At one extreme, some assume that the truth of life post-divorce is misery and constant struggle. And there are ample examples of both men and women who struggle profoundly during and after their divorces.
Others assume that their reality of life after divorce will be immediate happiness and joy because they’ll be able to move on with their lives without their ex. There are also plenty of stories of men who quickly move on to new, happier relationships and women who feel liberated upon divorcing.
Like most things in life, I believe that the reality of life after divorce will be what you make of it.
When I look back at my own divorce, I first believed that my divorce was the best thing that could happen. I had felt trapped in a marriage that had become loveless and the thought of being free was intoxicating.
However, I also experienced a whole lot of post-divorce misery and struggle – in part because I thought I should feel bad and in part because I had a lot of personal growth to do.

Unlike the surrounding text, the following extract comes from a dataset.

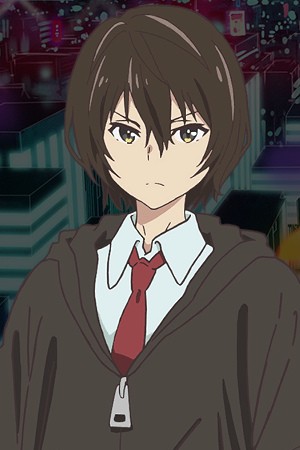 Character image for Teruto Kurabe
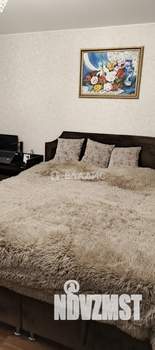 1-к квартира, вторичка, 44м2, 19/19 этаж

When I look back at my experience and those of the hundreds of people I’ve worked with over the years who are happy with their reality of life after divorce, there are three phases of healing that every successful, divorced person works through:
- Acceptance And Adjustment
- Moving On
Dealing with grief about the end of your marriage is tough. You have so very many things to say good-bye to that it’s common to feel depressed. This is the phase during which the misery usually happens.
Beginning to accept that the reality of life after divorce is different from life during marriage is another milestone on the path to becoming a happily divorced person.
The interesting thing about acceptance is that you can decide if things aren’t right for you and then you can begin making the necessary adjustments to change your life. This phase is when most people feel the struggle and begin to feel empowered.
The final phase is when your divorce no longer defines you. It’s just something that happened in your past and that you’ve learned a lot from.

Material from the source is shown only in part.